I’ve been following his “candidacy” with a growing sense of outrage. My loyal readers will recall that I threw my battered Stetson into the ring in January in this very space.
Not only did I make my announcement nearly a year ago, but I was funnier. Did I mention modesty as a reason to pick me over that thief Colbert?
You may say that Colbert didn’t actually steal my idea. You may say that I have not actually campaigned since I first made my announcement, lo those many months ago. To that, my fellow Americans, I would have to say: You are mistaken.
My campaign is one that hearkens back to our nation’s early political history. Like President Warren G. Harding, I am running my campaign from my front porch.
Not only is it a very nice porch, but the pace of the campaign suits me because it is widely known that I avoid standing up. It’s not that I’m lazy. It’s that my frame is just not suited for difficult labor. It’s not that I abhor hard work. I can watch it for hours. Isn’t that what we want in a president?
I envision my time in office mirroring the 29th president’s term, which has often been described as one of the least distinguished in history. As the less-than-great man once said: “I am not fit for this office and never should have been here.”
I want to suggest to you, my fellow Americans, that isn’t that what we want as a nation? Shouldn’t we celebrate that great underrated tradition of mediocrity?
Now, the other candidates will tell you how great they are. They will try to impress you with that whole “vision” thing. They will try to prove how hard they will work for you. They will attempt to prove their piousness. They will try to dazzle you with their brains.
Not me. I will do none of those things. You really don’t want to be challenged that way. Look at what that’s gotten you? Oil prices through the roof. A war that goes on forever. And now a fake conservative candidate.
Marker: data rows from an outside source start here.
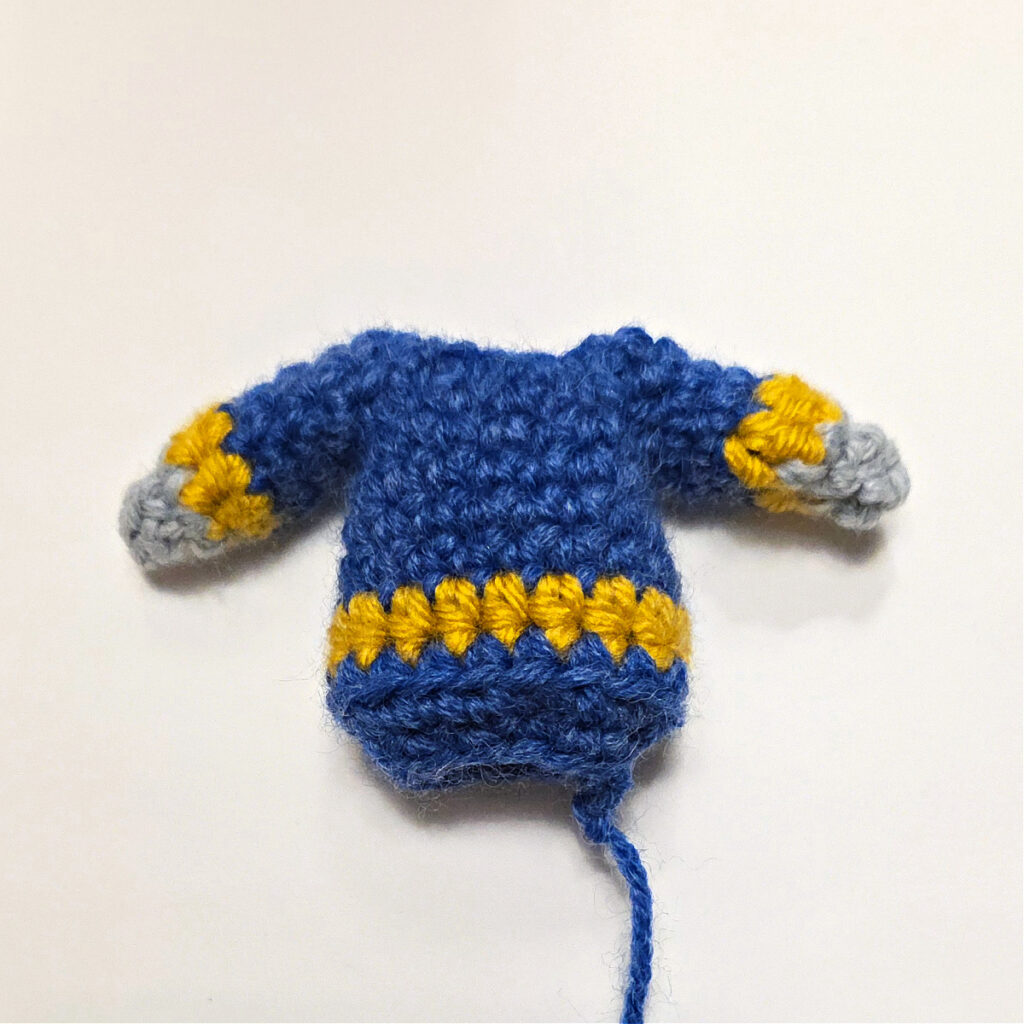 The mouse's body with both arms complete.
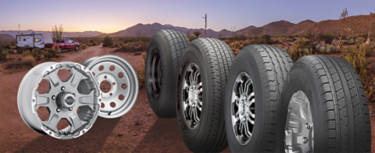 Trailer on a dirt road with an assortment of trailer tires and wheels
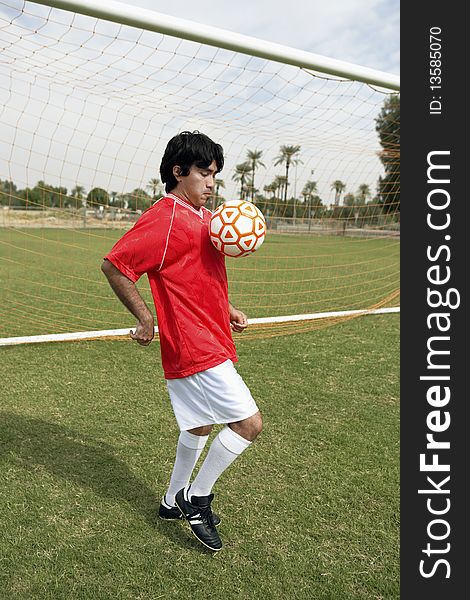 Soccer player juggling ball, portrait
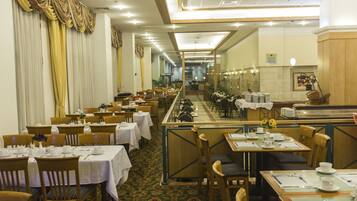 Un comedor de hotel con varias mesas y sillas, una larga barra y vistas al pasillo.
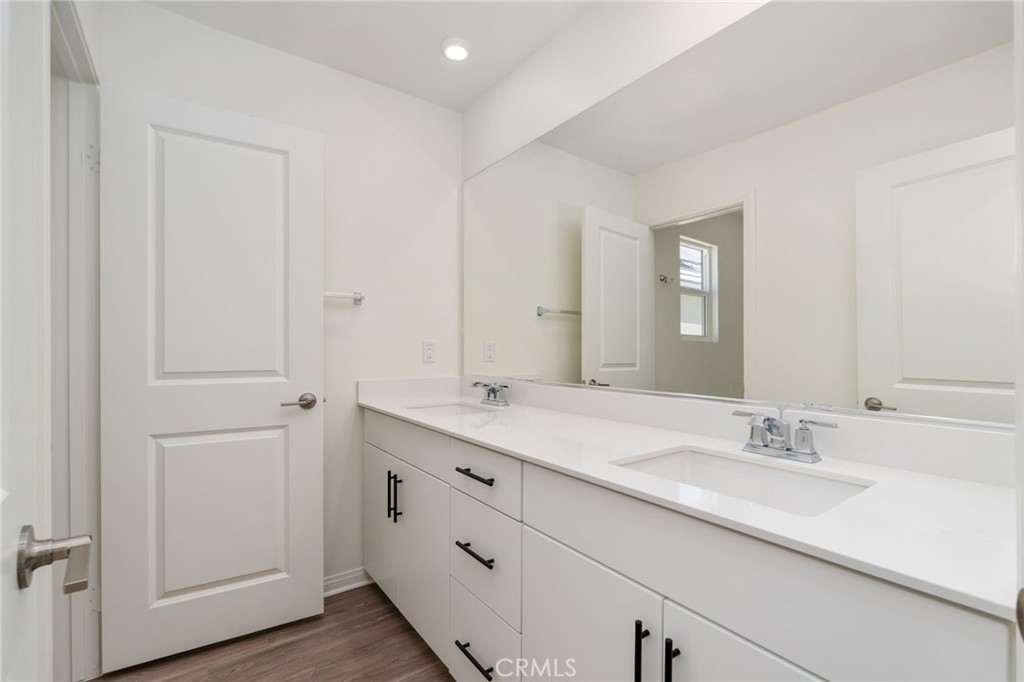 13430 Limestone Drive Yucaipa, CA 92399 - Photo 27 of 30 a bathroom with a double vanity sink and mirror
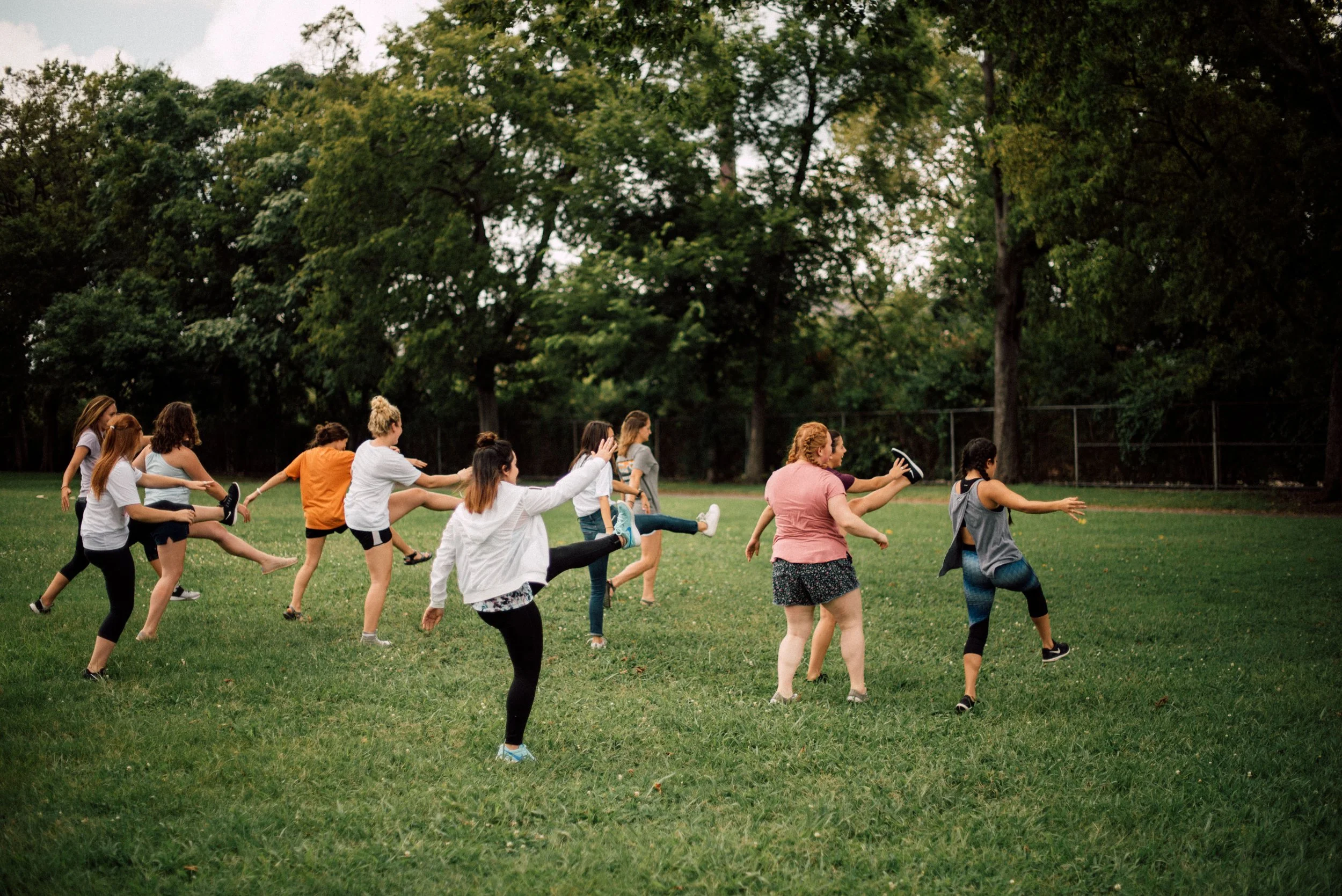 d227-women-stretching-in-field.jpg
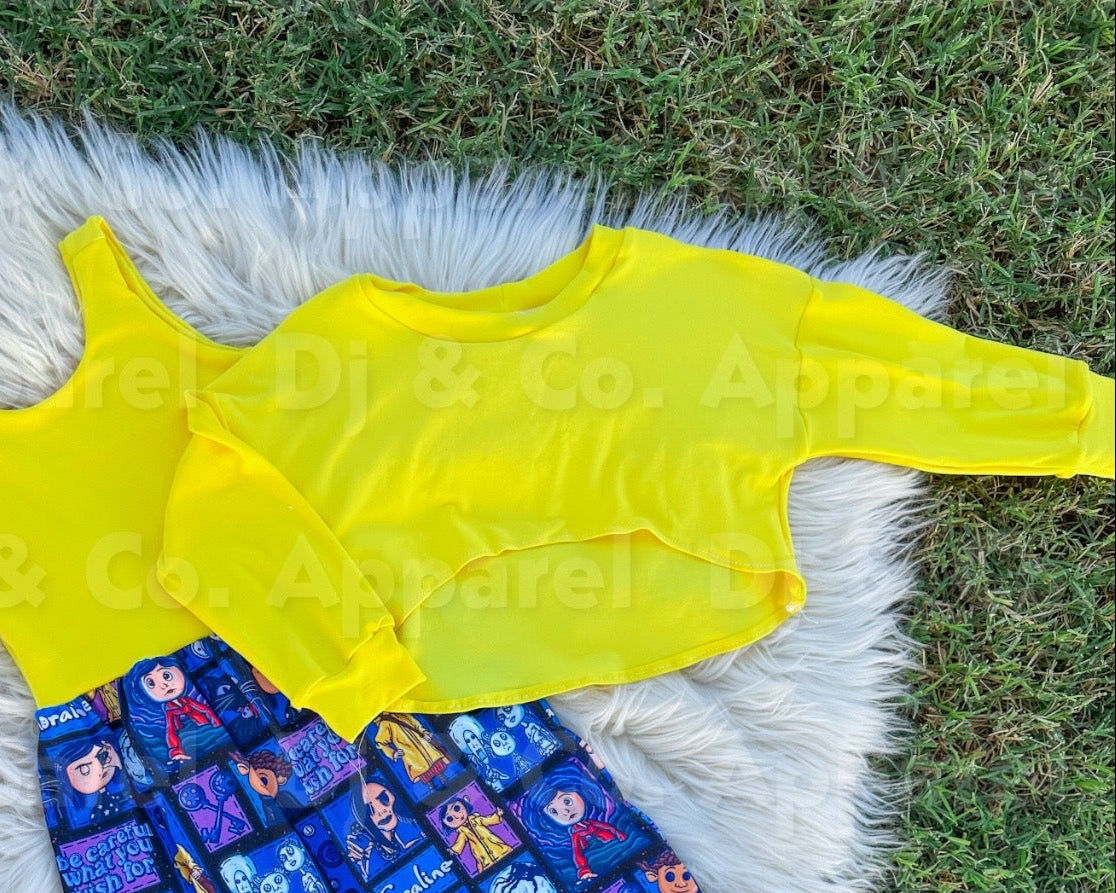 Yellow top and blue pants with character print on a fluffy white rug, branded 'DJ & Co. Apparel'.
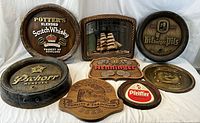 Full view of all 8 vintage pub advertising trays and signs on white background showing condition and branding.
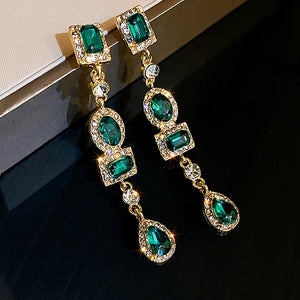 Dangling Earrings with Green Crystals in Gold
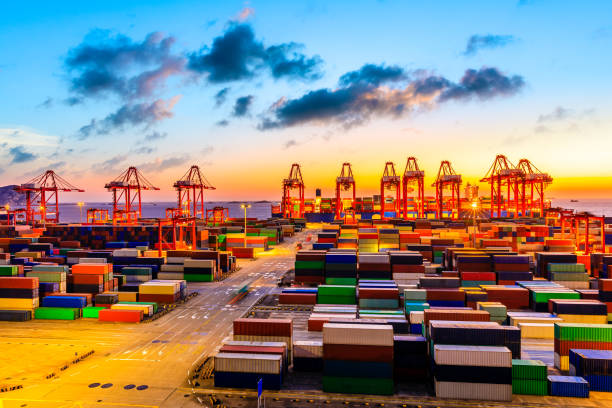 istock Industrial port container freight terminal at beautiful sunset in Shanghai. 1208062861
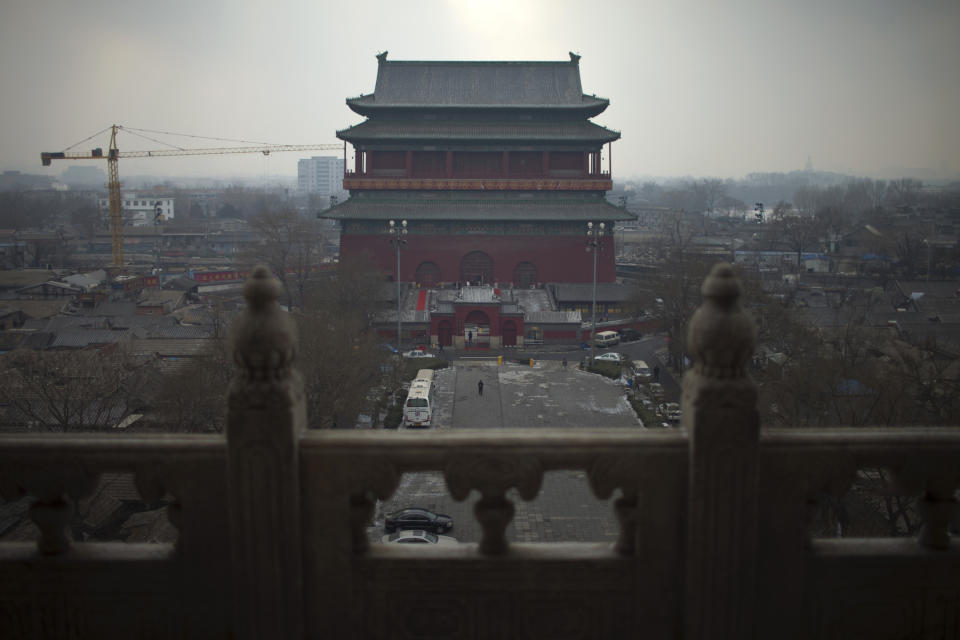 In this Jan. 15, 2013 photo, seen from the Bell Tower, a crane works on a construction site near the Drum Tower among "hutong" courtyard homes in central Beijing, China. The district government wants to demolish these dwellings, move their occupants to bigger apartments farther from the city center and redevelop a square in 18th century Qing Dynasty fashion. (AP Photo/Alexander F. Yuan)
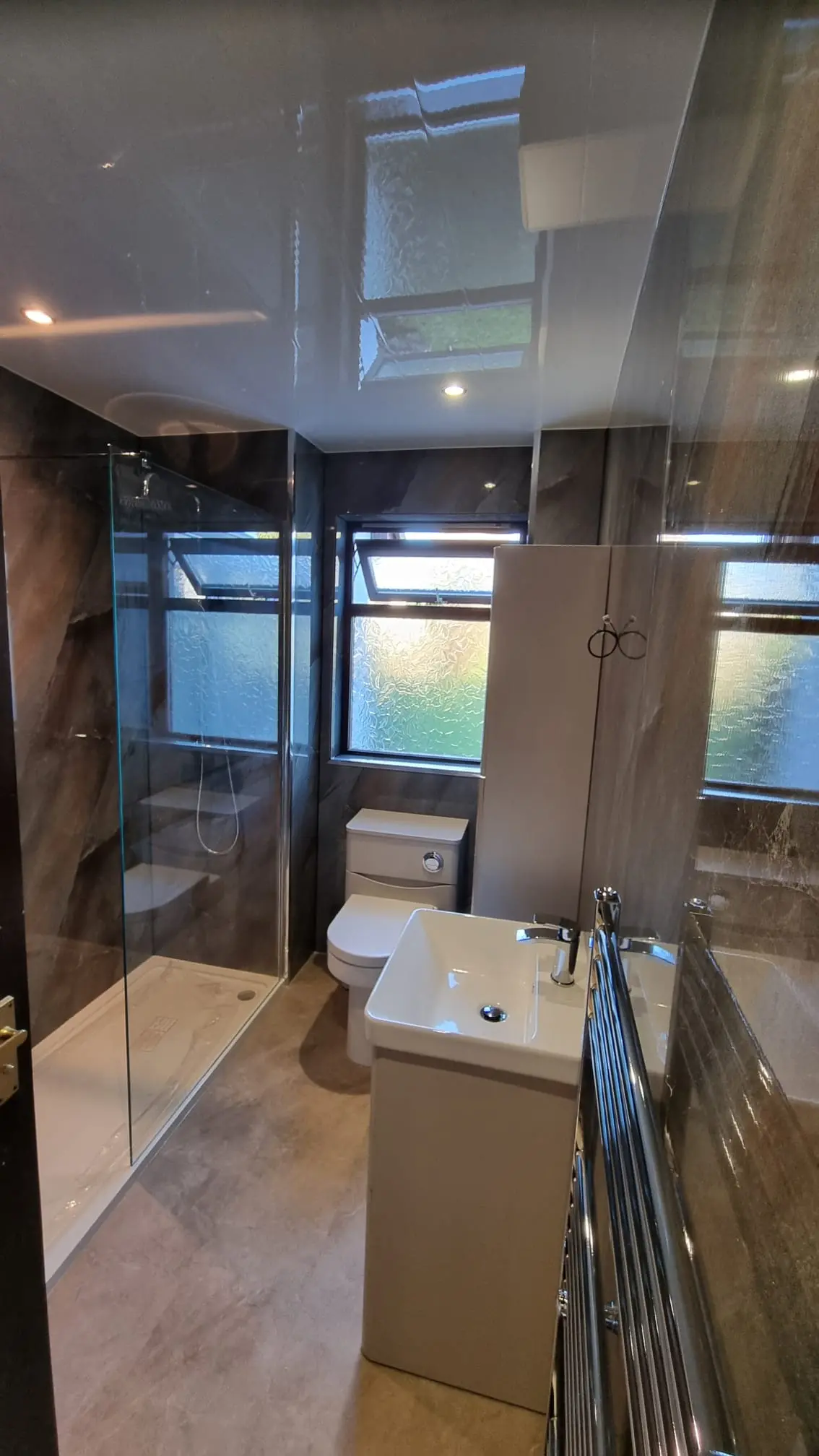 Dark wet wall bathroom with glass shower enclosure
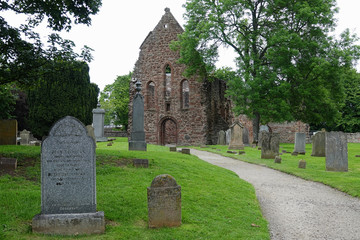The cemetery and ruins of Beauly Priory, built in the 1200s AD and located in Inverness-shire, Scotland, are shown during an afternoon day.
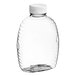 A clear plastic Queenline honey bottle with a white cap.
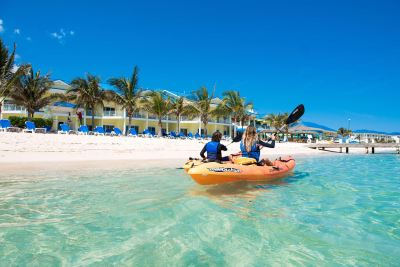 a group of people , including a man and a woman , are kayaking in the ocean near a beach at Wyndham Reef Resort Grand Cayman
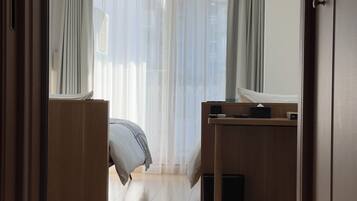 A room with a bed, a desk, and a window with sheer curtains.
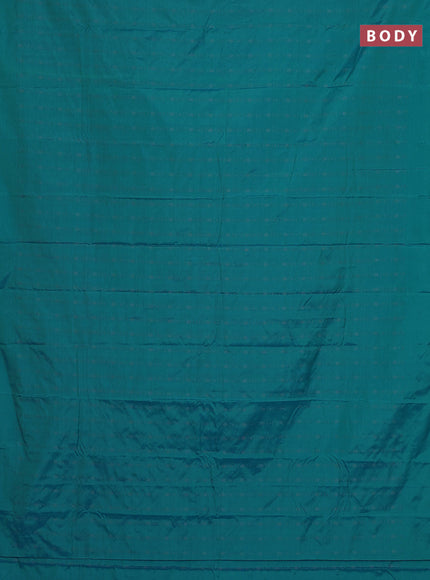 Arani semi silk saree teal blue with allover copper zari weaves in borderless style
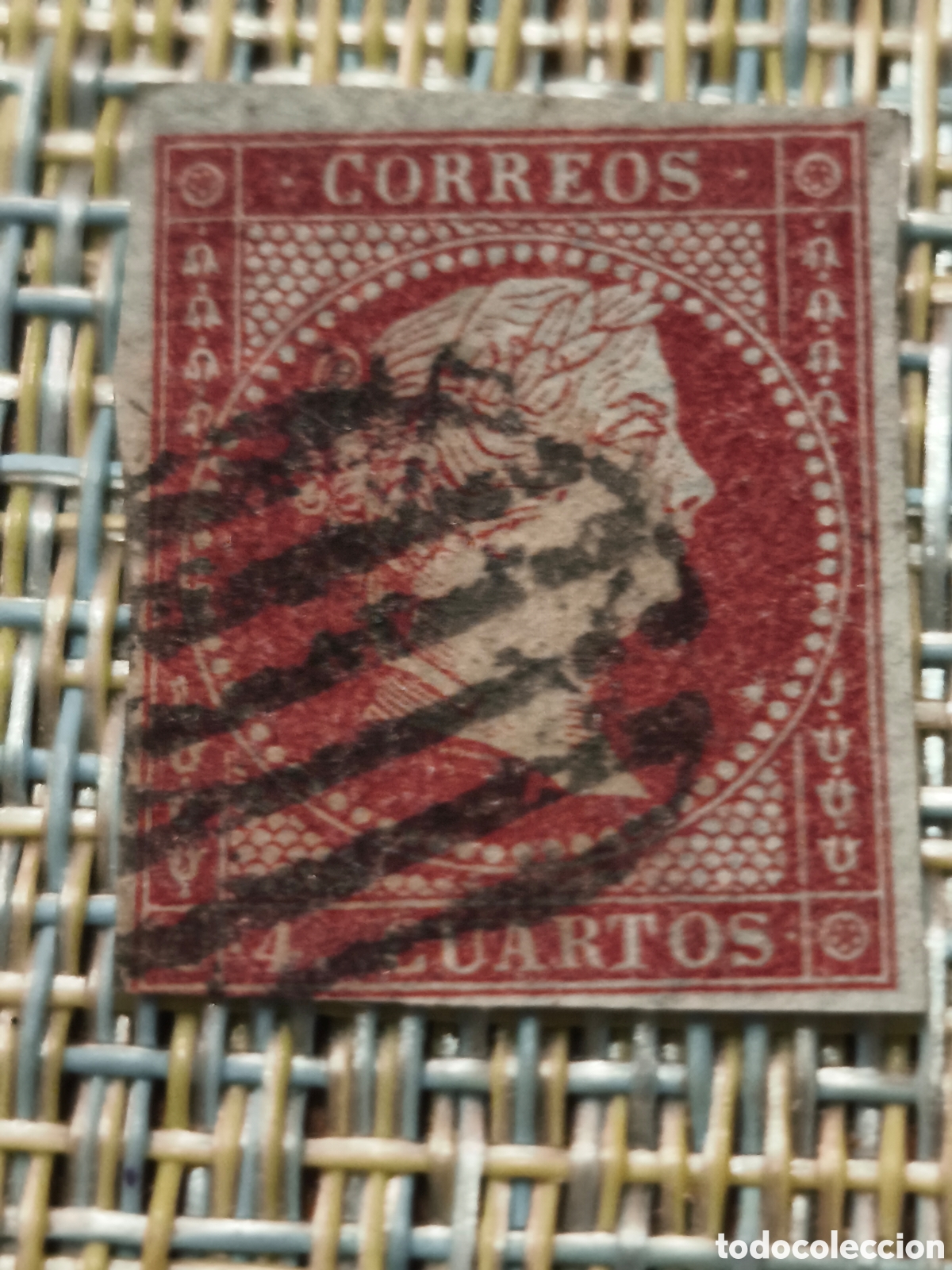 Sellos: Sello cl&aacute;sico Espa&ntilde;a papel azulado filigrana lazos 4 cuartos granate usado parrilla ver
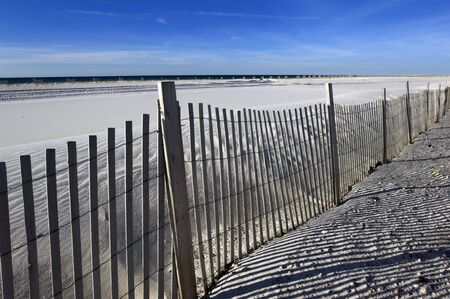 Empty white sand beach with fence in Alabama's Gulf of Mexico coastの写真素材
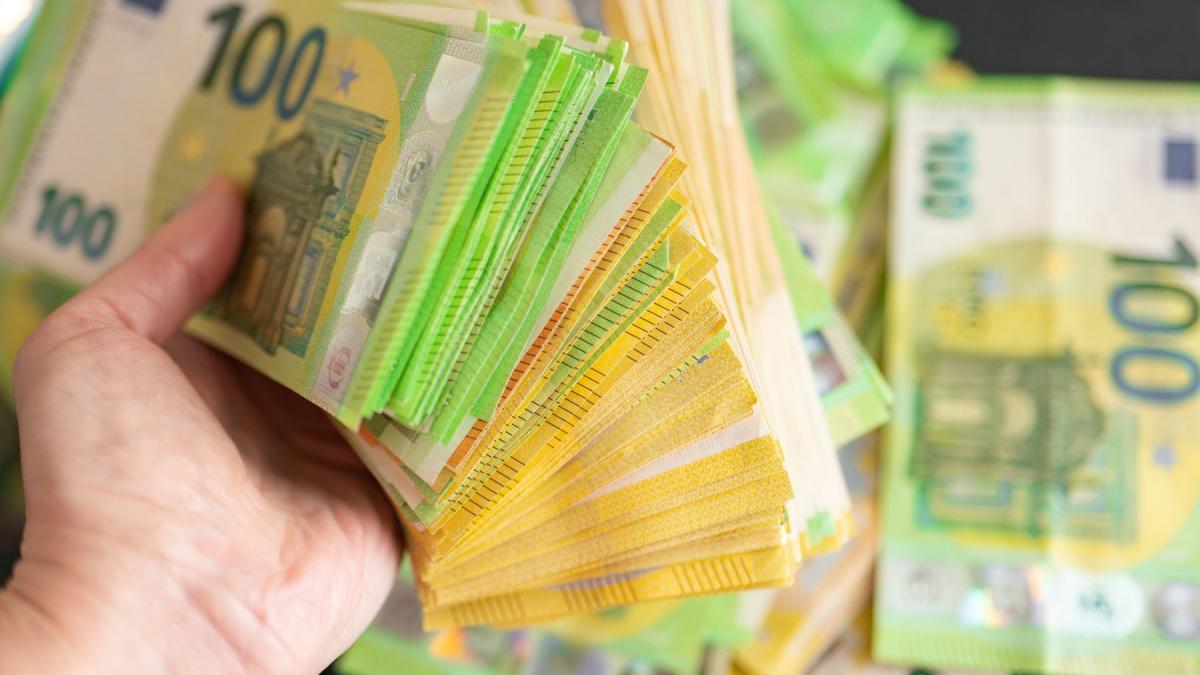 un barbat care tine multi bani in mana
No. A vote for me is a solid vote for the middle of the road. You know what you get when you elect me. A long-haired freak of a president. If you’re tired of those exquisitely coifed, blow-dried and dyed hair-dos of the other candidates, then you should vote for me.
All my hair is my own, and I earned every gray one of them. They remain one of the best reasons to vote for me, especially when compared with people like Colbert. (I have personal information that Colbert colors his hair.)
As a “guest columnist” in another august publication, Colbert wrote that “it’s clear that the voters are desperate for a white, male, middle-aged, Jesus-trumpeting alternative.”
Well you won’t get that with me. And to prove it, I challenge Colbert to a debate. Since I am a master debater, I will debate him anytime, anywhere. Just as long as it’s within the confines of my porch rails.